Negative nitrogen balance due to protein catabolism.
The initial dosage of prednisolone tablets may vary from 5 mg to 60 mg per day depending on the specific disease entity being treated. In situations of less severity, lower doses will generally suffice, while in selected patients higher initial doses may be required. The initial dosage should be maintained or adjusted until a satisfactory response is noted. If after a reasonable period of time there is a lack of satisfactory clinical response, prednisolone should be discontinued and the patient transferred to other appropriate therapy.
IT SHOULD BE EMPHASIZED THAT DOSAGE REQUIREMENTS ARE VARIABLE AND MUST BE INDIVIDUALIZED ON THE BASIS OF THE DISEASE UNDER TREATMENT AND THE RESPONSE OF THE PATIENT.

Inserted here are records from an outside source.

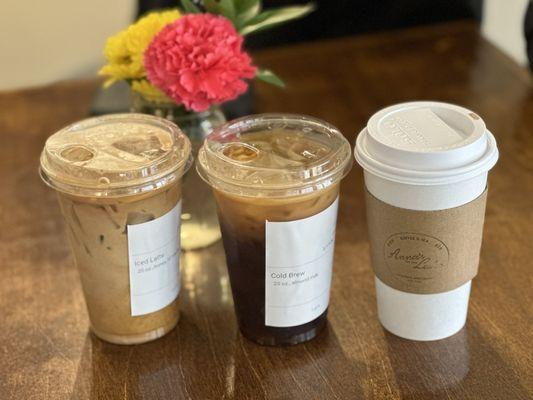 Iced Latte, Cold Brew, and Caramel Latte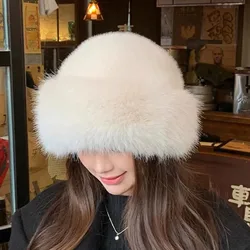 2025 New Winter Plush Fisherman Hat Women Thick Fluffy Fur Ear Protection Cap Windproof Warm Headgear Female Basin Cap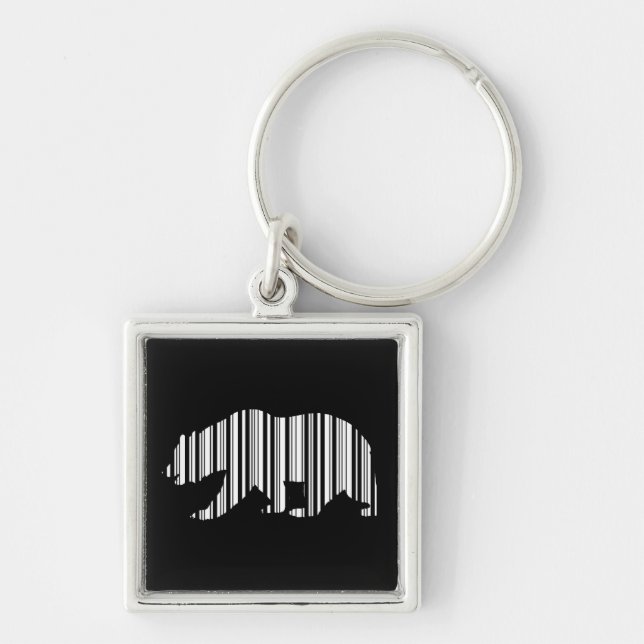 CALIFORNIA GOLDEN BEAR BAR CODE Design Schlüsselanhänger (Vorne)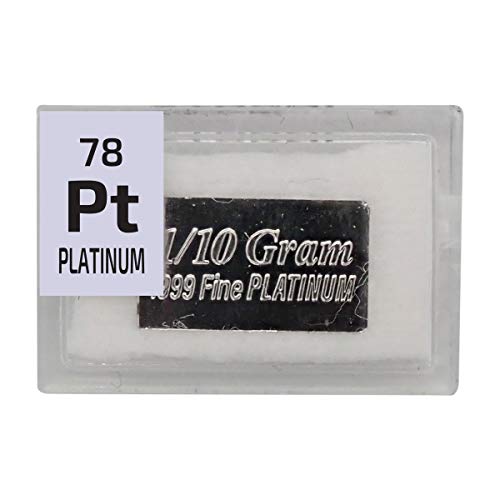 Platinum Bar Ingot(1/10 of a Gram), 99.9% Pure Element Sample in a PEGUYS Periodic Element Tile.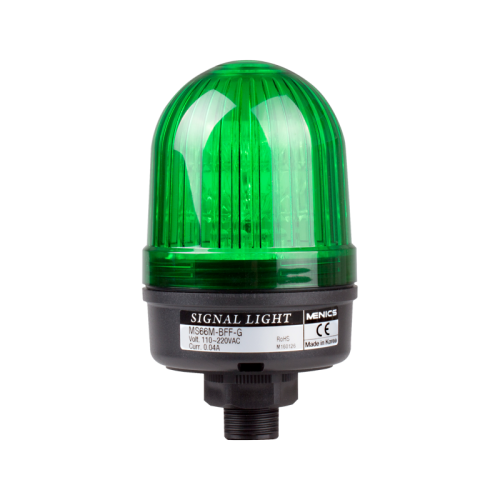 66mm beacon signal LED light, Direct mount, Steady/Flash, Green color, 12-24V AC/DC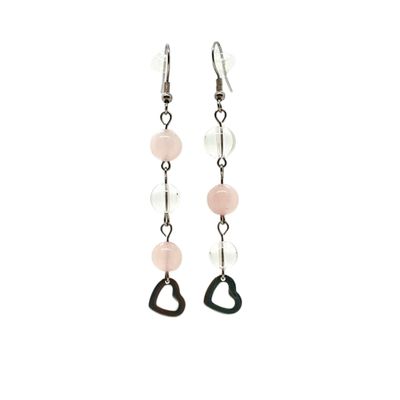 Boucle d'oreille Quartz rose et cristal de roche 8 mm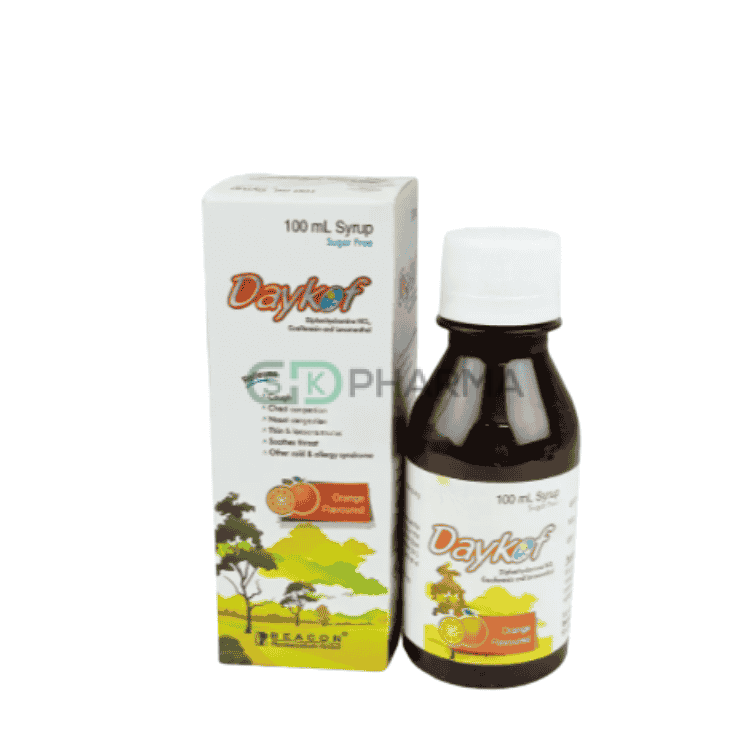 Daykof Syrup (100 mg+1.1 mg+14 mg)/5 ml (Guaifenesin + Levomenthol + Diphenhydramine)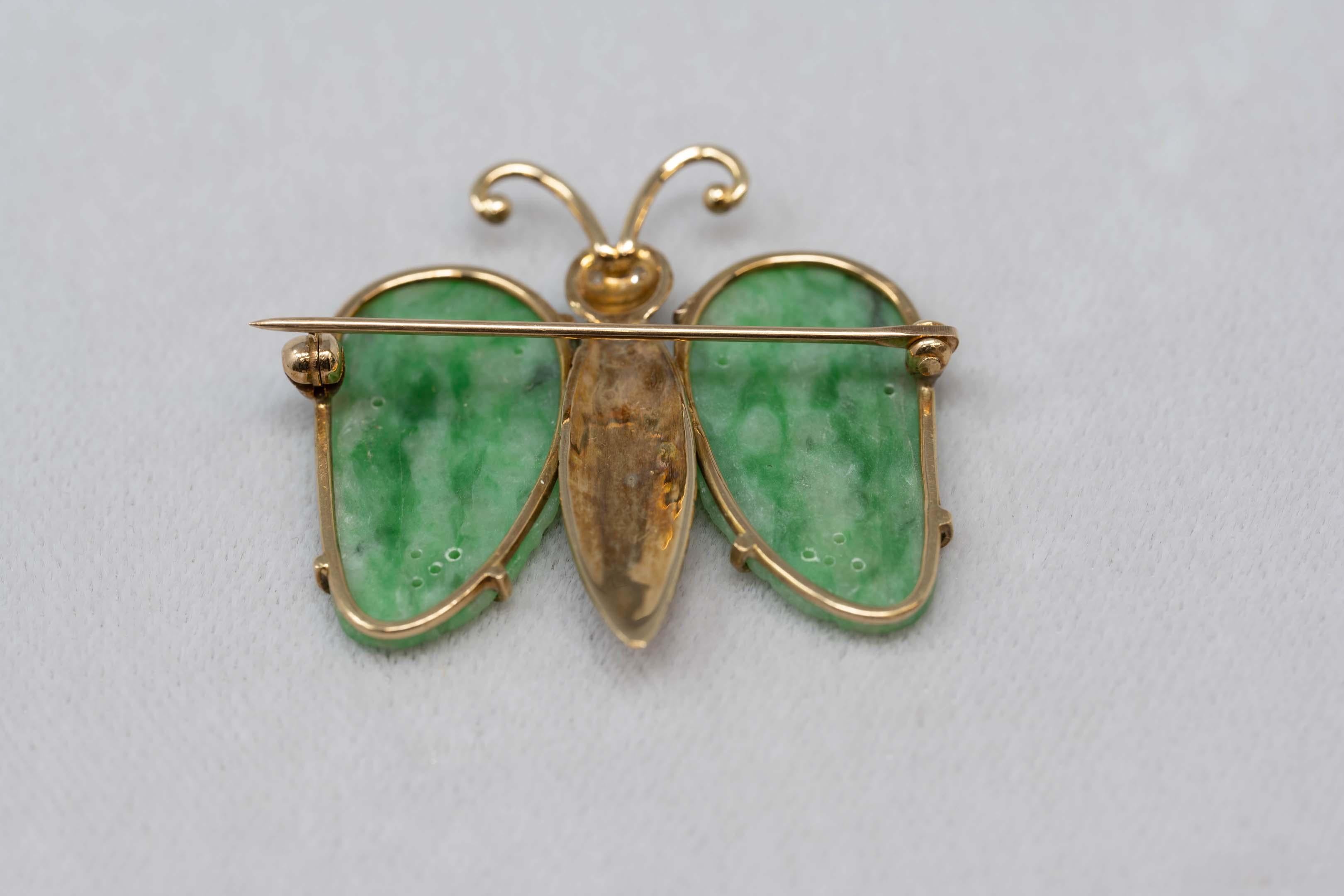vintage jade brooch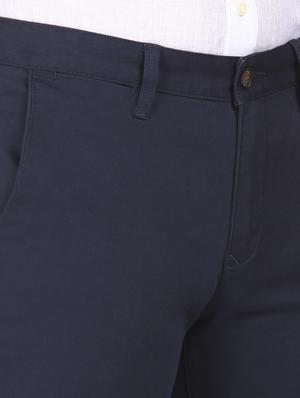 navy blue solid chinos casual trouser - 18186696 - Standard Image - 5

After a favorable response is noted, the proper maintenance dosage should be determined by decreasing the initial drug dosage in small increments at appropriate time intervals until the lowest dosage which will maintain an adequate clinical response is reached. It should be kept in mind that constant monitoring is needed in regard to drug dosage. Included in the situations which may make dosage adjustments necessary are changes in clinical status secondary to remissions or exacerbations in the disease process, the patient’s individual drug responsiveness, and the effect of patient exposure to stressful situations not directly related to the disease entity under treatment; in this latter situation it may be necessary to increase the dosage of prednisolone for a period of time consistent with the patient’s condition. If after long-term therapy the drug is to be stopped, it is recommended that it be withdrawn gradually rather than abruptly.